Inside

Master Interior Architecture

The OBERHAUS introduction week

During the first week of september INSIDE students worked in the Ruhr area in Germany. In a high-rise building at the central station in Oberhausen: 12 floors, 82 apartments. Since many years that building is known as «the problem-house» in the already tenuous area of the old city centre. That image is even worse. The number of vacantness and the fluctuation were extremely high. Now many refugees have moved into the apartments of the high-rise. With kitev, (culture in the tower), the laboratory for unusual interventions and resident in the watertower of Oberhausen’s central train station, that situation sparked the idea ‘Oberhaus’ and led to the Project Refugees for Co-Creative Cities. As a contribution to this project INSIDE students, guided by Jan Körbes from REFUNC, harvested materials in the direct environment of The Oberhaus and designed four collective ‘services’ in the building together with inhabitants.

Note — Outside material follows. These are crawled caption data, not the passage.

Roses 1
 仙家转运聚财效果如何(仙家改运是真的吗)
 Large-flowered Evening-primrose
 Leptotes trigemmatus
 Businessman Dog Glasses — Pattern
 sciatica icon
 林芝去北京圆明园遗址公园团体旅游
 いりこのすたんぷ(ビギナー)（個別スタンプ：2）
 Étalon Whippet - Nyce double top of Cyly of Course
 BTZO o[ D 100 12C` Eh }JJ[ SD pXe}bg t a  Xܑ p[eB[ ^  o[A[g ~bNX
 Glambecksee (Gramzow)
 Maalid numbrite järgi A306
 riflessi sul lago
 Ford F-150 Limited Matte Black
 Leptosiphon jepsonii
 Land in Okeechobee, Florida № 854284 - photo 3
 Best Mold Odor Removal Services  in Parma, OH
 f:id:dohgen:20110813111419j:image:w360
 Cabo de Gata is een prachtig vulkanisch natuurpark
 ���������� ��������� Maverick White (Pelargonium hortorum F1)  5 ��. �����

These new collective spaces will support these inhabitants that to a great extent have a refugee background, to create a stronger ‘sense of belonging’ in their new Heimat. Now that the big housing challenge after the wave of refugees that entered Europe in 2015-2016 is solved, the next challenge is to incorperate and make these refugees feel part of the european society.

Dirty reality
At first entry the students could not help to be somewhat shocked by the garbage in the hallway, the dirt on the floor and the walls and the unpleasent smell in the collective spaces of the Oberhaus. The building was clearly not well maintained by the inhabitants. This turned out to be a signal for the lack of collectivity in the building. The Oberhaus is a ‘halfway house’ a place people come with no other housing options. The inhabitants hardly have relationships or even contact with eachother. Their main ambition seems to be to move out again as soon as possible.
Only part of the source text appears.